Thinking that tea-spilling might be more fun with people who are there, Eve says, “Let’s play a game,” and then suggests they toss their phones on the coffee table and allow everyone to hear every text, email, and phone call that comes in. Let the “guest-getting” begin.
The idea of seven friends participating in a game as potentially dangerous as this seems far-fetched, but then again, get enough liquor involved and anything’s possible. In any case, over the course of an hour and 45 minutes, we learn a lot of nasty things about these people.
And the cast is terrific. Wu gives us a hilariously disgusted Hannah, who bonds with Logan over these obtuse white people while freaking out as she learns the details of her husband’s sex session with three triplets in college. Dillahunt and Tillman also get big laughs when Brett and Logan decide to switch phones to cover for one of Brett’s silly transgressions, leading Messing to a show-stealing episode that’s so funny she seems about to break character any second. Let’s just call her performance absolute “nuts.”
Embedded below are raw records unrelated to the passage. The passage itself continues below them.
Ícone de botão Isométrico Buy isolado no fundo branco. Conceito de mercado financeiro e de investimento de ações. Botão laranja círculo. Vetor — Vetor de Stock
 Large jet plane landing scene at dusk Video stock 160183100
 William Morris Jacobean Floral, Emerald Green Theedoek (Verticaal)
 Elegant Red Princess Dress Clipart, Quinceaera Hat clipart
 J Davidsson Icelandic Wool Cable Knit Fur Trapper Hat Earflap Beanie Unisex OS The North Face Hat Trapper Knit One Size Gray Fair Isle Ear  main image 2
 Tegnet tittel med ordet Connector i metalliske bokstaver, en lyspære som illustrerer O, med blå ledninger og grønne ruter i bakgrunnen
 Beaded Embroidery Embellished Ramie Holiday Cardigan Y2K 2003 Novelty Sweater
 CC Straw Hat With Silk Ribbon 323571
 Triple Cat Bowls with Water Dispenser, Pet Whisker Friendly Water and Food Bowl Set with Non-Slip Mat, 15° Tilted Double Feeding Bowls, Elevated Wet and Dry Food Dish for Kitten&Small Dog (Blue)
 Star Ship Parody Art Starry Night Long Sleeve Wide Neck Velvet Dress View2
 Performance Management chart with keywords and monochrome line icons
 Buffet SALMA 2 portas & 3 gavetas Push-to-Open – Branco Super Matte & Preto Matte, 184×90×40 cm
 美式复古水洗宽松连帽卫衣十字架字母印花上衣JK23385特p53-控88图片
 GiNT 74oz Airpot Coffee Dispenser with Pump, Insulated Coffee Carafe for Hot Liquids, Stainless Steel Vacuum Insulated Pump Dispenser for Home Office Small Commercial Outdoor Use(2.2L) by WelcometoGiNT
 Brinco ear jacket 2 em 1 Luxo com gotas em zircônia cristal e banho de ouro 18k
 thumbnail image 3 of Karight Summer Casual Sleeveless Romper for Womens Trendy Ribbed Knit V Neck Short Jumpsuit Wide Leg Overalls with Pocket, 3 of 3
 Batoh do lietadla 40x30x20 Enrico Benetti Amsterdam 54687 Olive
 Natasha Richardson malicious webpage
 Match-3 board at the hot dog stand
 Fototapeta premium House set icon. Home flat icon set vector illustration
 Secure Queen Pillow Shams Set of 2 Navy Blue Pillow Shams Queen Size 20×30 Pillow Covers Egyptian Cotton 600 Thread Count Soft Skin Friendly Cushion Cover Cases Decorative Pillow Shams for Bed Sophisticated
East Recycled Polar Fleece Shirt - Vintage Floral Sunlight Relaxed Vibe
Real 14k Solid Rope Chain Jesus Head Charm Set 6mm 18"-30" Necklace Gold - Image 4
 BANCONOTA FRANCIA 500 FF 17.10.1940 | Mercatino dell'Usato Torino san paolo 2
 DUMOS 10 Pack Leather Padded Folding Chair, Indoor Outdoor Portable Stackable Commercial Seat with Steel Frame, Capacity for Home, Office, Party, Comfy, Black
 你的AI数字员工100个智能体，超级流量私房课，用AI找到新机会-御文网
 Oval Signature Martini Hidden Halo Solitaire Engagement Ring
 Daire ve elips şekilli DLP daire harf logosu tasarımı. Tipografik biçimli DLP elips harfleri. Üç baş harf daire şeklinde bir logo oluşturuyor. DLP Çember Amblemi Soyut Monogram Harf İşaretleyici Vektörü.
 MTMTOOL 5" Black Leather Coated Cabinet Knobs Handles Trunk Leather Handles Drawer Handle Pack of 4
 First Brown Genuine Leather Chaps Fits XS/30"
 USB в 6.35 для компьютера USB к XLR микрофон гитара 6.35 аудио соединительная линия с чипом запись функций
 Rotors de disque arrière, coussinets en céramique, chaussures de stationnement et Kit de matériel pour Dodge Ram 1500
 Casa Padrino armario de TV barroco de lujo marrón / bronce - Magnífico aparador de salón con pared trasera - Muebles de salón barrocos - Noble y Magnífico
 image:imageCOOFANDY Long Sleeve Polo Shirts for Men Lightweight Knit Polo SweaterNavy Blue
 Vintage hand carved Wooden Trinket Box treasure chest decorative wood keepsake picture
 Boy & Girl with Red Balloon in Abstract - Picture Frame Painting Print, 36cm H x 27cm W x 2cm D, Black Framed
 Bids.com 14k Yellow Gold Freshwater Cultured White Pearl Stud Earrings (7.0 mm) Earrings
It wouldn’t be fair to reveal more, when every revelation throughout the play is a spoiler. Though the scenes get big laughs, O’Hara’s humor also has sharp edges that slice like paper cuts. “I need more Black friends,” says Logan, and we can see why. While O’Hara doesn’t let any of his characters off the hook, his three self-absorbed white frat bros are distinctly unlikable — operating by a completely different set of social codes and believing that any favor they’ve done for Logan gives them a racial get-out-of-jail-free card. They don’t need to open their cellphones to expose themselves when their mouths do just fine. O’Hara wants the audience to laugh at the familiarity of it, and then squirm.
Despite some stiff dialogue at the beginning involving a box of condoms and Rodger and Eve’s daughter Sam (Genevieve Hannelius, giving Gen Z realness), the comedy crackles as the friends’ lies are revealed and their cluelessness about each other is exposed (Cookie Jordan’s flowing hair design for Krakowski conveys Eve’s obliviousness with a single flip).
Clint Ramos’s set, a well-appointed New York apartment with a full bar and view of the Brooklyn Bridge, oozes steely wealth and aloofness, along with a balcony shadowed just enough (lighting by Alex Jainchill) to hide Frank and Rodger while they sneak bumps of coke. And in a memorable scene, Palmer Heffernan’s sound design blasts E.U.’s funky “Da Butt” as the white folks claim the song as their own, and Logan and Hannah exchange a glance that says, “These people are not our friends.”
What about the eclipse? That event itself gets eclipsed by the events of the evening — or does it? O’Hara’s provocative ending will leave you thinking about just how fragile the bonds that hold us together really are, whether you change your passcode or not.